Los generales cumplieron su palabra y Mohamed Morsi, miembro de la poderosa cofradía de los Hermanos Musulmanes, se convirtió en su primer presidente democrático. Considerado un moderado dentro de la corriente islamista, éste no tardó en perder el favor popular al acentuar la influencia del Islam en la vida pública, al perseguir una ley que le conferiría poderes extraordinarios y, sobre todo, al enfrentarse al ejército que había permitido su ascenso. Su decisión de ordenar el retiro del mariscal Mohamed Tantawi, hombre fuerte de la anterior junta, quizás fue el auténtico disparador de su caída, por más que ésta parezca deberse a las protestas -centradas de nuevo en la rotonda de Tahrir- que se sucedieron a partir de junio.
En teoría para responder a las "exigencias de la calle", el nuevo jefe de las fuerzas armadas, Abdul Fatah al-Sisi, emitió un ultimátum -más bien una amenaza- a Morsi para que construyera un gobierno de unidad nacional. Éste respondió con un nuevo desafío, alegando la legitimidad de las votaciones que lo habían ungido en su cargo. Al cumplirse el término de 48 horas, el ejército decidió recuperar el control del gobierno y detuvo a Morsi, quien hasta la fecha permanece bajo su custodia. A los pocos días la situación se había vuelto incontrolable, con miles de jóvenes laicos celebrando el golpe, a la vez que los Hermanos Musulmanes y otras organizaciones islamistas eran perseguidas. Para justificar sus acciones, tanto unos como otros no se han cansado de invocar la misma excusa: los Hermanos Musulmanes y Morsi mantienen que fueron elegidos democráticamente -la permanente exigencia de Occidente-, mientras el ejército y los manifestantes de Tahrir justifican el golpe por la necesidad democrática de corregir los desvíos autoritarios del presidente.
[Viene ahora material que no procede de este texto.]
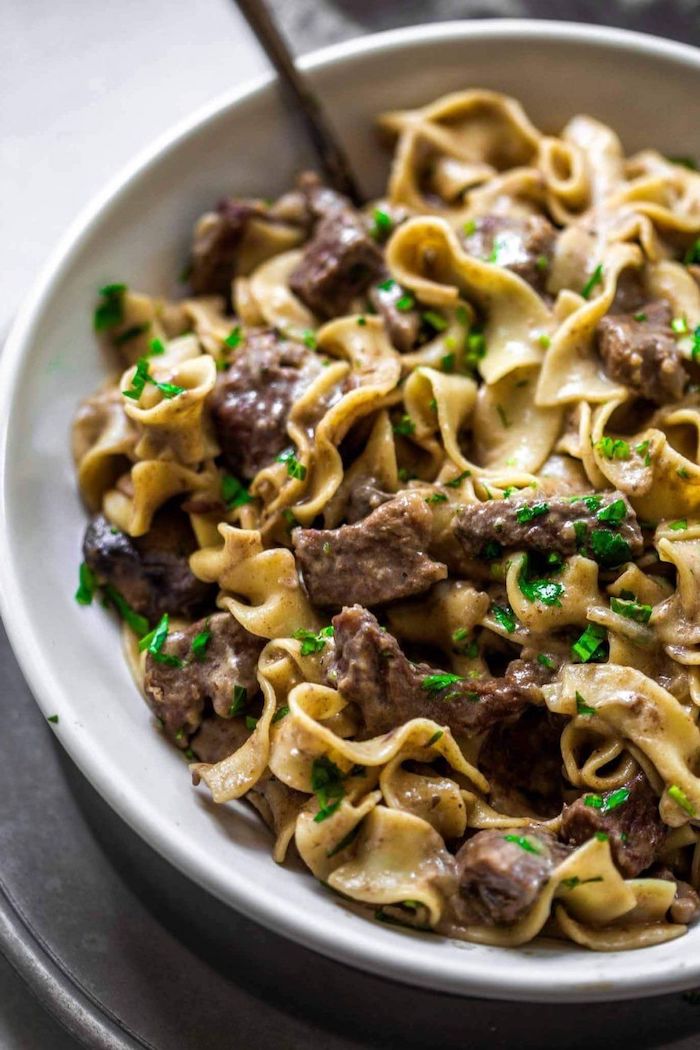 beef stroganoff cooked in instant pot best instapot recipes garnished with chopped parsley placed in white plate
Egipto es el principal aliado de Estados Unidos en el mundo árabe debido a la paz con Israel conseguida gracias a los millones de dólares que la mayor potencia global le entrega, más que a su gobierno, a su cúpula militar (incluso en estos días no ha suspendido la entrega de equipo bélico). Valiéndose de su habitual doble discurso -poco importa que Obama sea el presidente-, Estados Unidos ni siquiera ha querido llamar "golpe de estado" a lo ocurrido y se ha limitado a expresar su preocupación por la violencia. Lo cierto es que, cuando las elecciones llevan al poder a líderes contrarios a los intereses de Occidente -en una línea que va de Hamás en Gaza al de los Hermanos Musulmanes en Egipto-, la democracia no resulta tan importante y de inmediato se encuentran subterfugios para acotarla. Si bien en el gobierno de transición hay figuras prestigiosas, quien manda es el ejército, que no ha se ha detenido a la hora de limitar la libertad de expresión o reprimir a sus enemigos eclesiásticos. Aun si otra vez cumplen su palabra y convocan nuevas elecciones, en el mejor de los casos nos encontraríamos frente a una "democracia de los generales" semejante a la de Turquía en el pasado. Es decir, una falsa democracia.
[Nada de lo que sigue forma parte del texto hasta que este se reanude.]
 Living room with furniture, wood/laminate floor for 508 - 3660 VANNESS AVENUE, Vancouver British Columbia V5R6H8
La mayor enseñanza de los triunfos y fracasos de la mal llamadaPrimavera árabe es que, si no se construyen auténticas instituciones democráticas, con pesos y contrapesos específicos y límites precisos a los estamentos eclesiásticos y militares -las dos lacras que siempre han acompañado a la humanidad-, las perspectivas de un auténtico progreso en la región se verán constantemente defraudadas. Por ahora los herederos de Radamès han conseguido vengarse de los seguidores de Ramfis, pero esta óperaa aún no concluye.